Hacker News new | ask | show | jobs
by RantyDave 3014 days ago
Have you considered getting a single large volume and sharing it over NFS? If this is a bad idea, why?
2 comments

Another option is to use EFS (AWS version of NFS). It's easy to use/set up. However, EFS costs 3x-12x (gp2-sc1) more than EBS. https://www.fittedcloud.com/blog/aws-elastic-file-system-a-q....
Nfs can be slow and have consistency and locking issues under heavy write loads. Also security isn't often top notch.

It really depends on the use case.

Instead of downvotes, please explain why I'm wrong. Not only do I want to know, but it's helpful to other.

These have been my experiences with nfs. It's great for certain things, especially read heavy ones. It's very not great at write heavy or ones that require locks.

None of these statements are inherently true about NFS. They may be applicable to some deployments or applications of NFS, but they don't hold generally speaking.

NFS is used heavily throughout HPC for workloads that don't require a parallel filesystem (and even then, pNFS is plugging along, even if it's largely ignored in favor of Lustre et al for accessing parallel filesystems.)

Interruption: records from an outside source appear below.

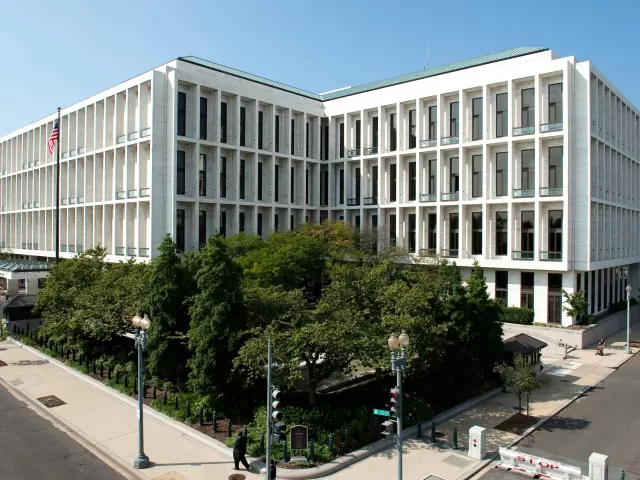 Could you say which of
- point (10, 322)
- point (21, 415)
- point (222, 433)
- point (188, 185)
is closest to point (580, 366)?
point (222, 433)

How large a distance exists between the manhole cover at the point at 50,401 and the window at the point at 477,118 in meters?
36.3

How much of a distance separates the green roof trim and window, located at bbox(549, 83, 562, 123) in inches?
153

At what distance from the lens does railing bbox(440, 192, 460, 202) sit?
4531 centimetres

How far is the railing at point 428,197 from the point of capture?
47.0 metres

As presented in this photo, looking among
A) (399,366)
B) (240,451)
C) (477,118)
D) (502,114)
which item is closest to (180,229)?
(477,118)

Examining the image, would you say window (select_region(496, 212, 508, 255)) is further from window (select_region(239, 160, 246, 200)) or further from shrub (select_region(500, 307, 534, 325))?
window (select_region(239, 160, 246, 200))

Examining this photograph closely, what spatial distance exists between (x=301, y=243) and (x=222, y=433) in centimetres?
2345

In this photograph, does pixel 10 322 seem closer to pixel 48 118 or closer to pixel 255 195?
pixel 255 195

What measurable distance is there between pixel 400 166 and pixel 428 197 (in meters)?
4.22

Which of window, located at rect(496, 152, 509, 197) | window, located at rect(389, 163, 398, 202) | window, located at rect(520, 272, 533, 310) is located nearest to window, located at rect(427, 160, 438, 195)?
window, located at rect(389, 163, 398, 202)

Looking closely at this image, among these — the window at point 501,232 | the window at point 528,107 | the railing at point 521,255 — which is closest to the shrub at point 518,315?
the railing at point 521,255

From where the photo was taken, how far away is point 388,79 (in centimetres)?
5422

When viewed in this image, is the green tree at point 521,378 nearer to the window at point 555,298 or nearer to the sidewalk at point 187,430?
the sidewalk at point 187,430

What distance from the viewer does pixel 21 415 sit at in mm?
21047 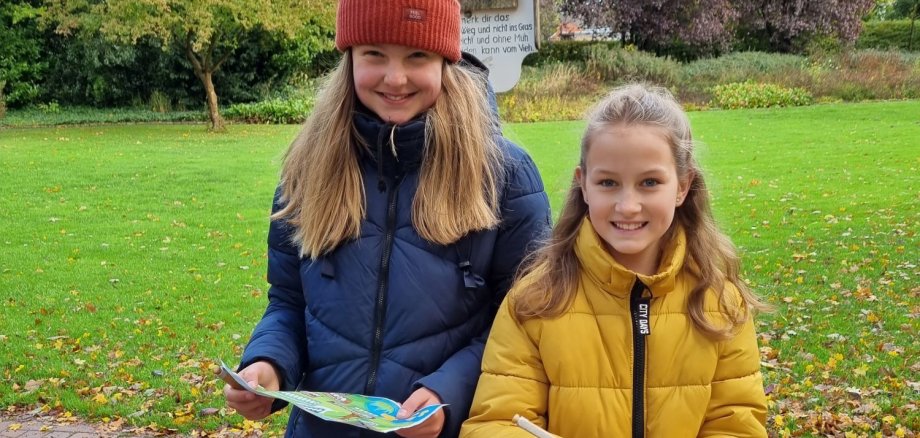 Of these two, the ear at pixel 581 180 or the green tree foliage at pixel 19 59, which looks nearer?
the ear at pixel 581 180

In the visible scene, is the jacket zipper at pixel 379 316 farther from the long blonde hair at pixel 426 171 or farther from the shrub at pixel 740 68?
the shrub at pixel 740 68

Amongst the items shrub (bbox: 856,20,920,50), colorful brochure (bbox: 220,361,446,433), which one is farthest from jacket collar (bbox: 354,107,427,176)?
shrub (bbox: 856,20,920,50)

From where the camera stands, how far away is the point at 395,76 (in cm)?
211

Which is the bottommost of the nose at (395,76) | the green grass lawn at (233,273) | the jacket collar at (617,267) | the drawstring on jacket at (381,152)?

It is true that there are some very high performance NFS systems out there, throughput optimized like Isilon, and some IOPS optimized like Tintri. A lot of enterprise virtualization systems store their VM disks on NFS and seem to perform decently.

But in a general sense, when I've seen suggestions to use NFS, it hasn't been the correct solution. Like a system that is designed to run on a single server, and someone wants to make it active-active HA by pointing two servers at the same data over NFS. No, that won't work. Or the high IOPS system, and someone wants to move it to a throughput optimized NFS service. Or the team the decided it was a good idea to log from multiple servers to a single file over NFS, and then complained that their log messages were not being written in order. Or having multiple web servers (HA!) serve media off a single NFS server.

In this specific case, if someone is maximizing IOPS per server, it probably isn't a good idea to use a single large volume exported via NFS and share it across them. Max IOPS for gp2 volumes is 10,000, for io1 it is 32,000. Sharing a single 10,000 IOPS volume across a bunch of servers isn't going to get you a bunch of 10,000 IOPS volumes.

Based on my experience, I instinctively question the use of NFS, it is so rarely the right solution in a cloud environment. Sometimes it is the right solution, I'm just saying it is pretty rare.

I used to work at a supercomputing center and nfs wasn't the choice for much of anything. Lustre or AFS were the normal options depending on use case. That was a decade ago.

Also, nfs is bad at applications requiring locks. Perhaps some implementations aren't, but I haven't seen one.

We used pnfs at FNAL across 5000+ physical servers doing analysis of CMS detector data. Worked well.
Interesting. I hadn't used that. Thanks!